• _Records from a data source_
☆ ☆ ☆ ☆

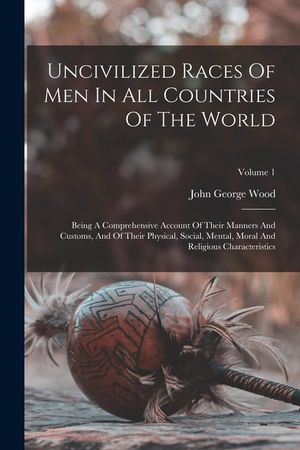 Uncivilized Races Of Men In All Countries Of The World: Being A Comprehensive Account Of Their Manners And Customs, And Of Their Physical, Social, Men image number 0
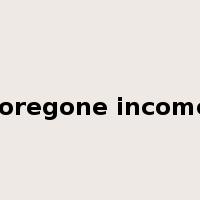 foregone income是什么意思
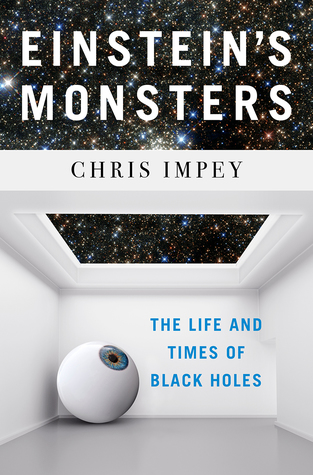 Einstein's Monsters: The Life and Times of Black Holes (Hardcover)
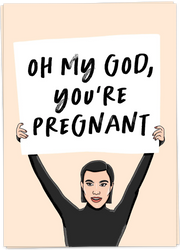 Oh my god you're pregnant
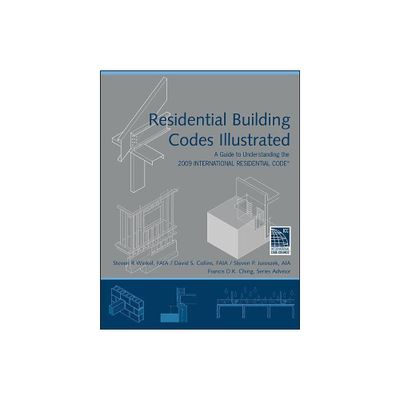 Residential Building Codes Illustrated - by Steven R Winkel & David S Collins & Steven P Juroszek (Paperback)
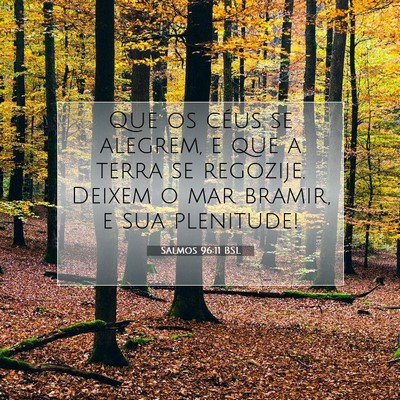 Picture 07 - Salmos 96:11 BSL - Que os céus se alegrem, e que a terra se - Bible Verse Picture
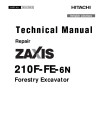 Hitachi Zaxis 210F-FE-6N (PIN from 1FFDC573_ _F212001) Forestry Excavators Repair Manual (TM14179X19)
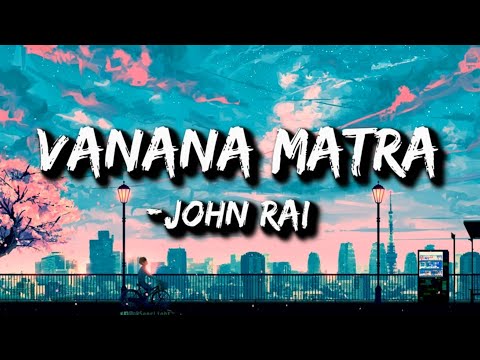 John Chamling Rai - Vanana Matra (Lyrics) | hawa jhai udi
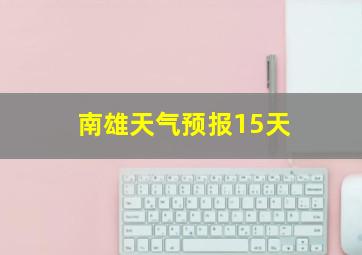 南雄天气预报15天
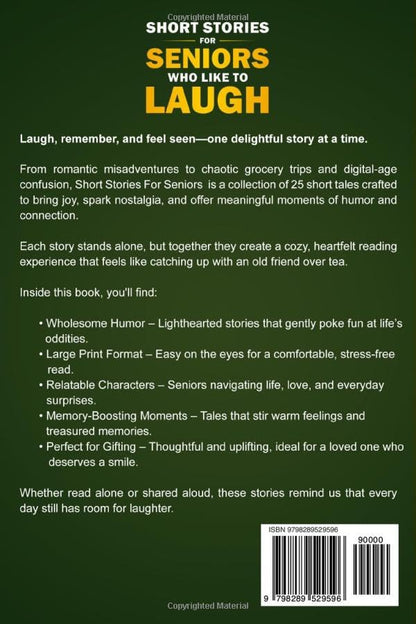 Short Stories for Seniors Who Like to Laugh: Uplifting and Funny Short Stories in Large Print – Feel-Good Tales to Inspire, Entertain, and Gift to Elderly Loved Ones (Easy Moments for Seniors)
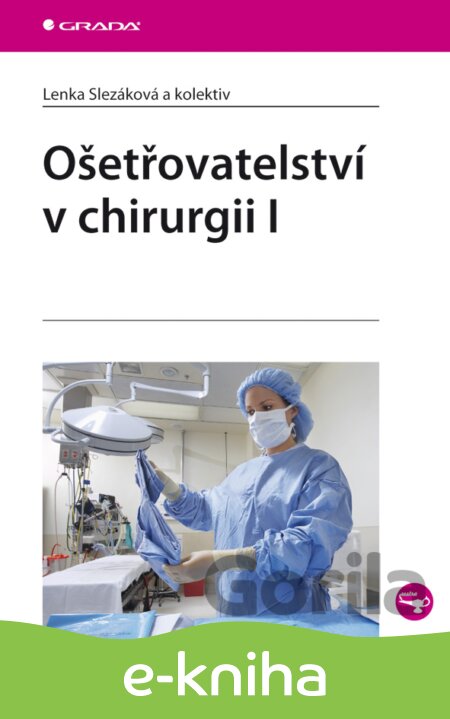E-kniha Ošetřovatelství v chirurgii I - Lenka Slezáková, 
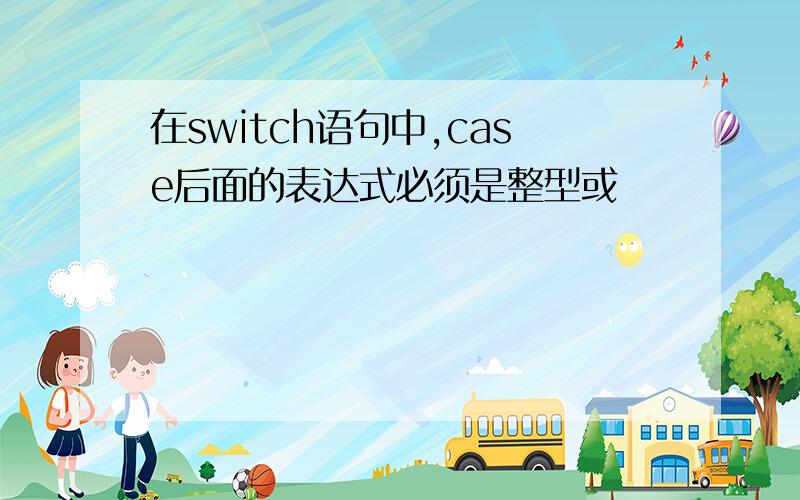 在switch语句中,case后面的表达式必须是整型或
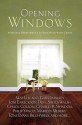 Opening Windows: Spiritual Refreshment for Your Walk with Christ - Max Lucado, Joni Eareckson Tada, Gary Smalley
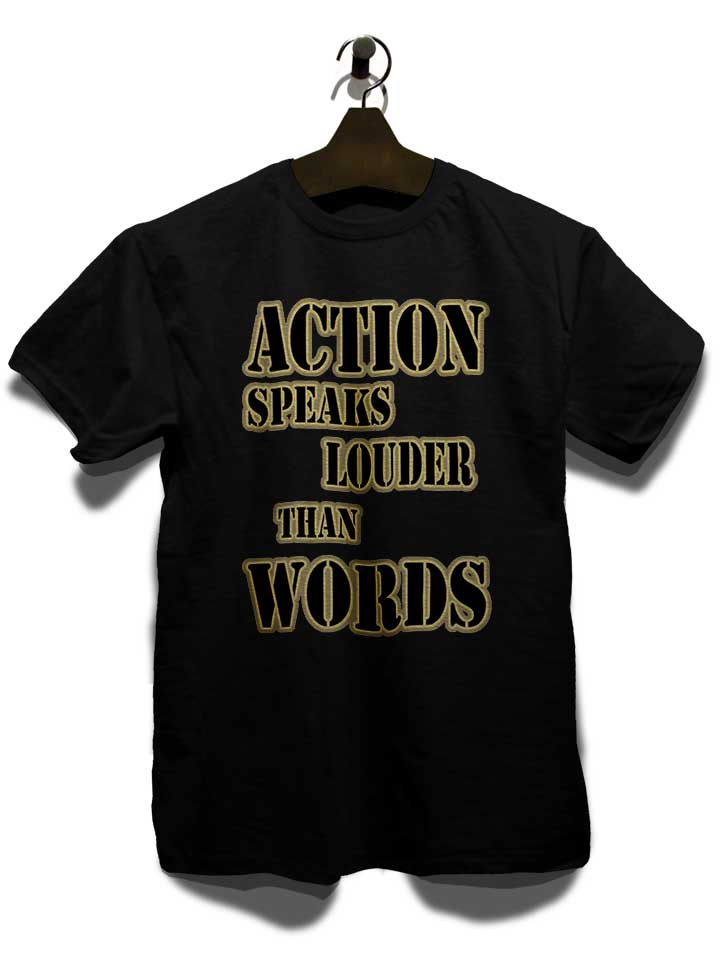 action-speaks-louder-than-words-03-t-shirt schwarz 3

☆ ☆ ☆ ☆

• _Assignment_
Each line from the top of the records through the one containing "在switch语句中,case后面的表达式必须是整型或" needs to be transcribed exactly, without pictures.

• _Expected output_
 Uncivilized Races Of Men In All Countries Of The World: Being A Comprehensive Account Of Their Manners And Customs, And Of Their Physical, Social, Men image number 0
 foregone income是什么意思
 Einstein's Monsters: The Life and Times of Black Holes (Hardcover)
 Oh my god you're pregnant
 Residential Building Codes Illustrated - by Steven R Winkel & David S Collins & Steven P Juroszek (Paperback)
 Picture 07 - Salmos 96:11 BSL - Que os céus se alegrem, e que a terra se - Bible Verse Picture
 Hitachi Zaxis 210F-FE-6N (PIN from 1FFDC573_ _F212001) Forestry Excavators Repair Manual (TM14179X19)
 John Chamling Rai - Vanana Matra (Lyrics) | hawa jhai udi
 南雄天气预报15天
 Short Stories for Seniors Who Like to Laugh: Uplifting and Funny Short Stories in Large Print – Feel-Good Tales to Inspire, Entertain, and Gift to Elderly Loved Ones (Easy Moments for Seniors)
E-kniha Ošetřovatelství v chirurgii I - Lenka Slezáková, 
 在switch语句中,case后面的表达式必须是整型或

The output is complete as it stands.